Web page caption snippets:
********
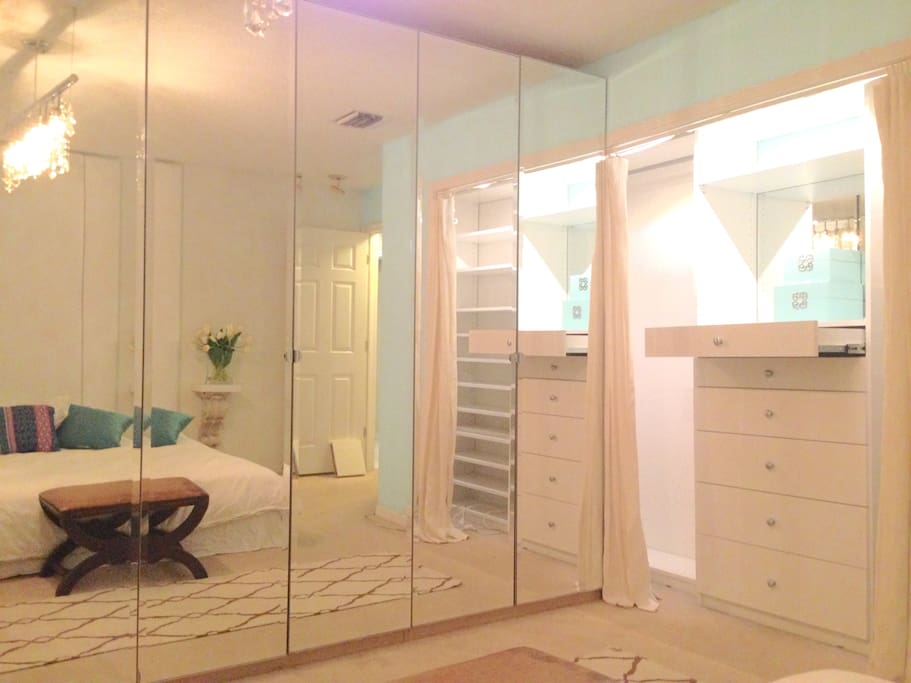 wall to wall mirror doors closet, make the espace7uuui7999and8888o8o78789900988880iiopi0o80 brigther and airy
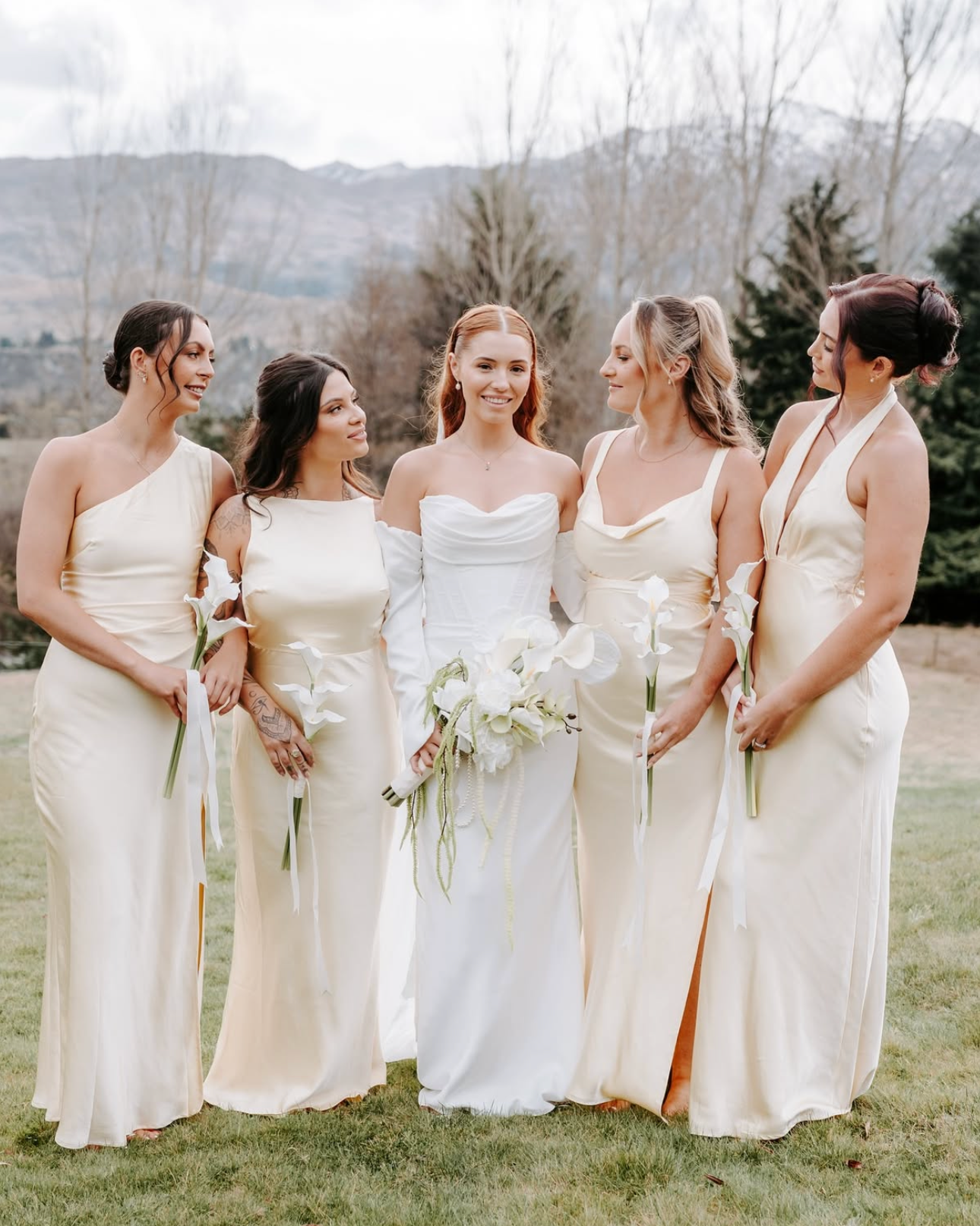 Chic Calla Lily - Bouquets (2 sizes)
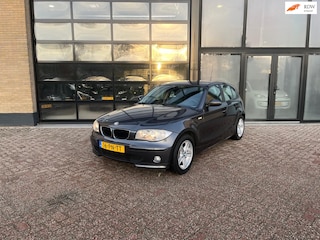 BMW 120i High Executive leder, pdc, airco, NL-auto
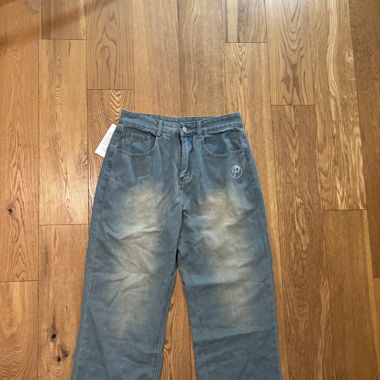 Washed Baggy Jeans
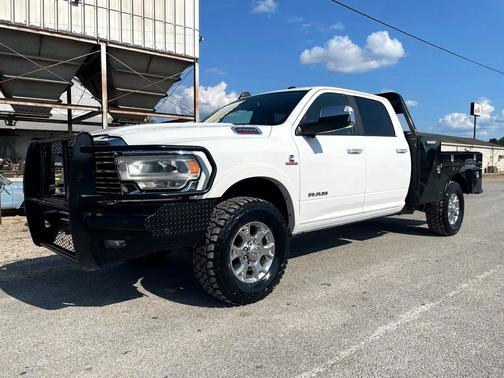 2020 RAM 2500 Laramie Crew Cab 4X4 8' Box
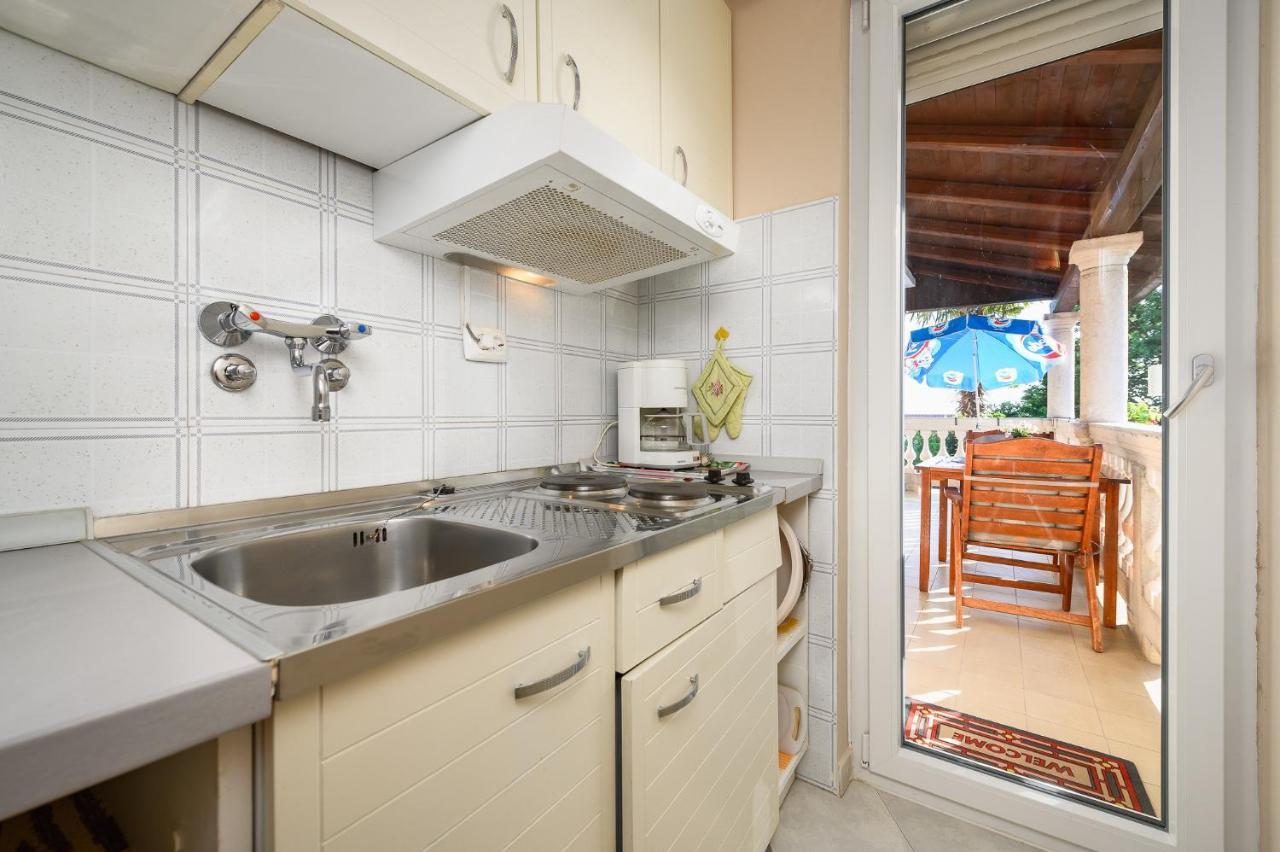 Appartamento House Alma Porec Esterno foto
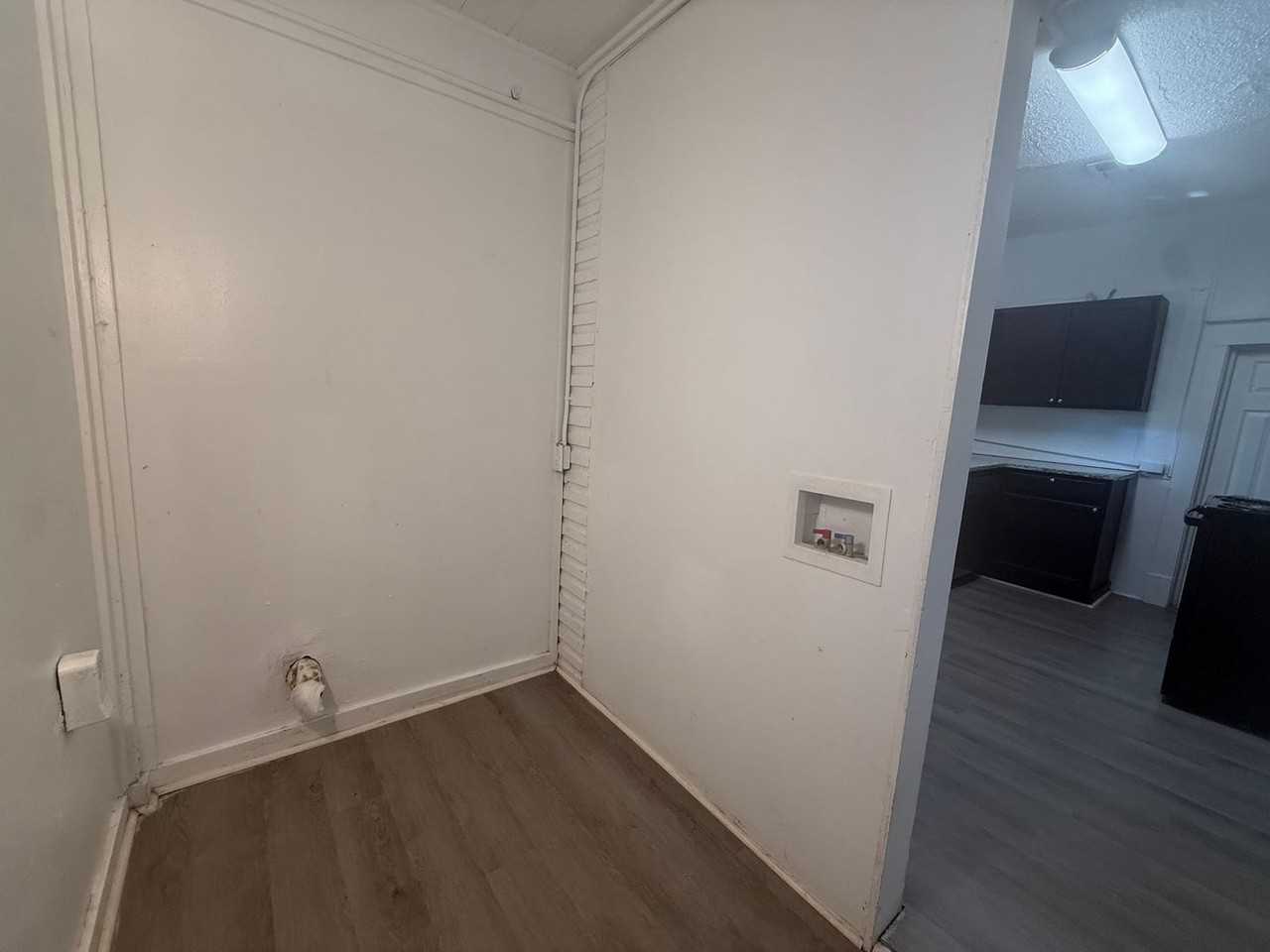 221 S Broadway Ave - Photo 5 of 9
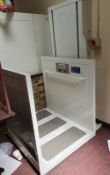 1 x Concord Wheel Chair Lift - Max Weight 340kg - CL499 - Location: Borehamwood WD6Collections: This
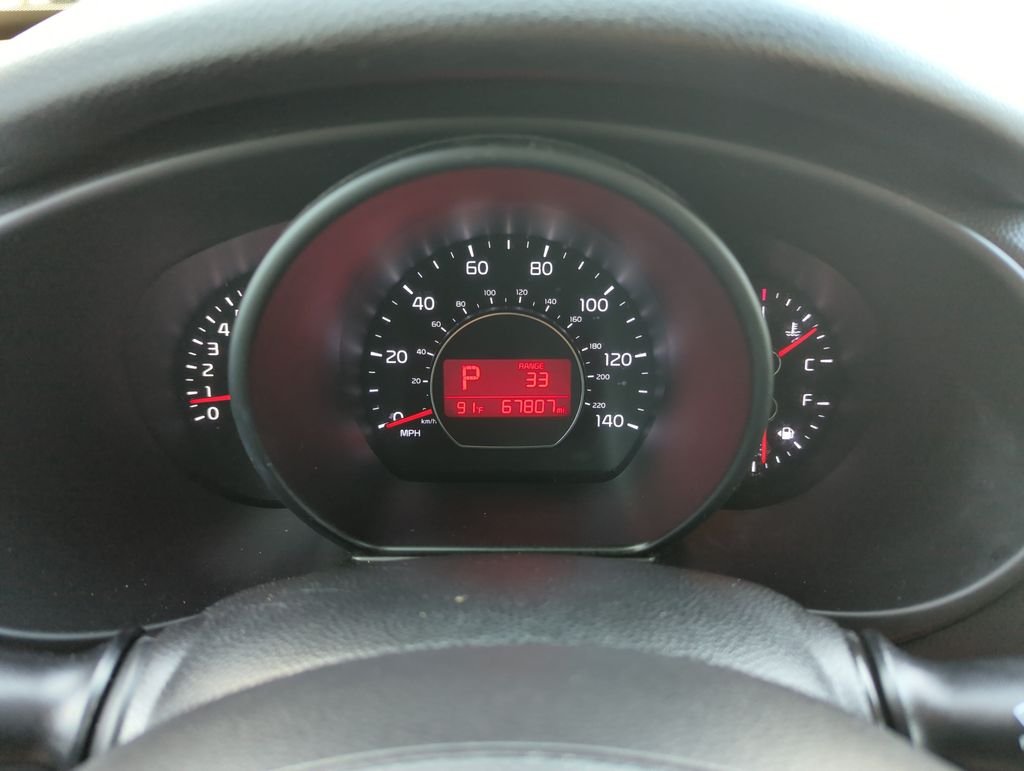 Used 2017 Gray Kia Base image 35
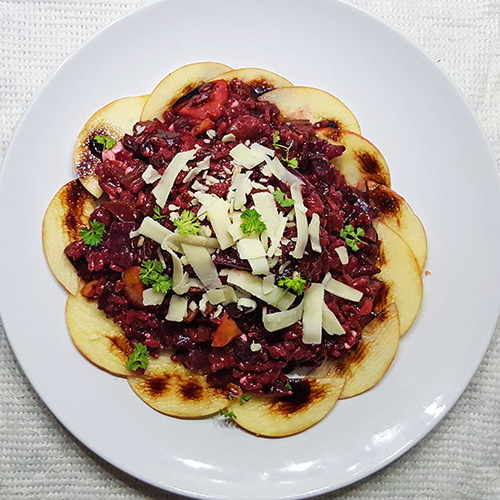 Rode bietenrisotto met appel en rode wijn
********
Your answer must be an exact copy of the lines from the one with "Appartamento House Alma Porec Esterno foto" through the final line of the data, both included, without any pictures.

* **Response box**:
 Appartamento House Alma Porec Esterno foto
 221 S Broadway Ave - Photo 5 of 9
 1 x Concord Wheel Chair Lift - Max Weight 340kg - CL499 - Location: Borehamwood WD6Collections: This
 Used 2017 Gray Kia Base image 35
 Rode bietenrisotto met appel en rode wijn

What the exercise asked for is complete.